Failure to Fix: Investigating HUD oversight in public housing

MEMPHIS, TN (WMC) - Thousands of Americans live in unsafe and unsanitary homes with mice, mold, and lead paint.

They don't have the money to fix the problems, and neither does their landlord.

“The air conditioning from upstairs when the whole unit leaks, I get all the water,” said Karen Angelin.

Angelin pays $400 a month in rent. Her landlord can’t seem to stop the vine growing from her bedroom ceiling. On a dangerously hot and humid south Louisiana afternoon, Angelin struggles for relief.

“There's no way you could cool these rooms because there's no unit,” Angelin said. “And that room is on the side of the hot water heater so that room is even hotter.”
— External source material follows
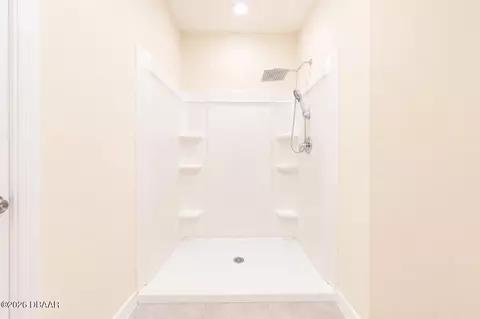Bath - 21 Melogold Dr, Ormond Beach, FL 32174 photo 5 of 8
Without A/C, she bought window units, but her landlord only allows her to keep two in her three-bedroom apartment.

“We’re taking care of them as much as we can, but we found the units are so old we can’t update them ourselves,” Angelin said.
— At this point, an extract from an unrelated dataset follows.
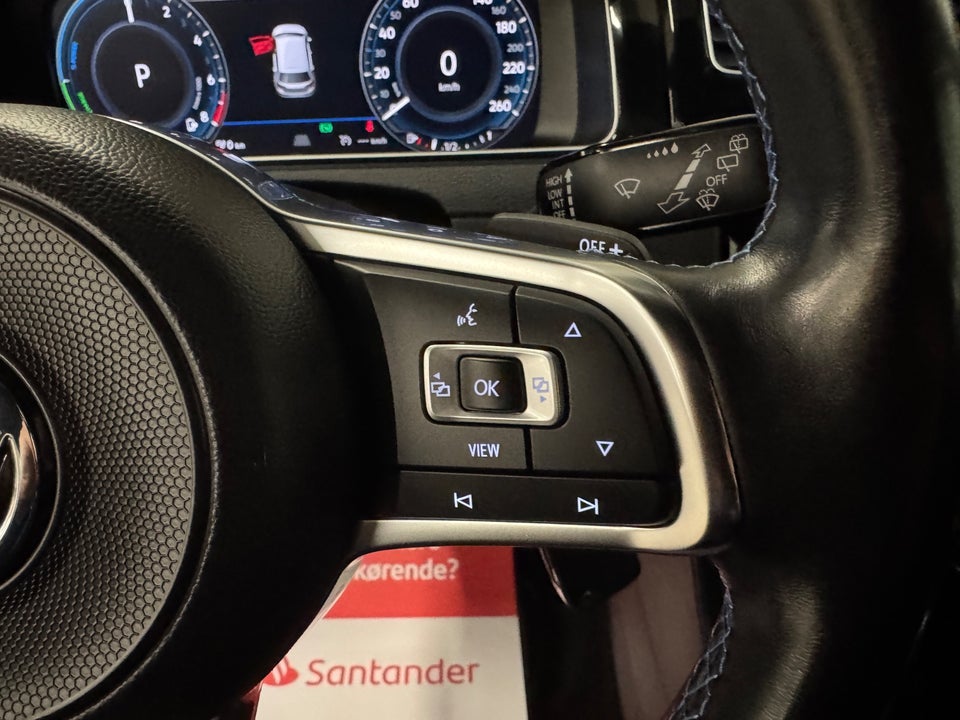 VW Golf VII 1,4 GTE DSG 5d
Her landlord: the federal government.

Angelin lives in a public housing development. Last year a HUD inspector gave her complex a failing inspection score, a 43 out of 100.

That "C" means inspectors found life-threatening deficiencies.

Among the serious findings were damaged roofs, exposed wires, and other electrical hazards.

Investigate TV analyzed federal records and found hundreds of public housing complexes across the country that year after year failed inspections.

One reason why: a $50 billion backlog of needed repairs.

“It's appalling and it's unacceptable,” said Diane Yentel. “People shouldn't have to live that way, especially when the federal government is supporting that housing.”

We found housing complexes from Alabama to Virginia, from the Carolinas to Indiana.

In nearly every state, people were living in deplorable conditions with bugs and mice, without smoke detectors, or working windows.

In the last decade, Investigate TV found 365 housing complexes across the country have failed at least half of their inspections. A score under 60 is considered failing.

“Much of public housing is for disabled people, and for the elderly, and we just don't invest the way we should as a country,” said Sherrod Brown.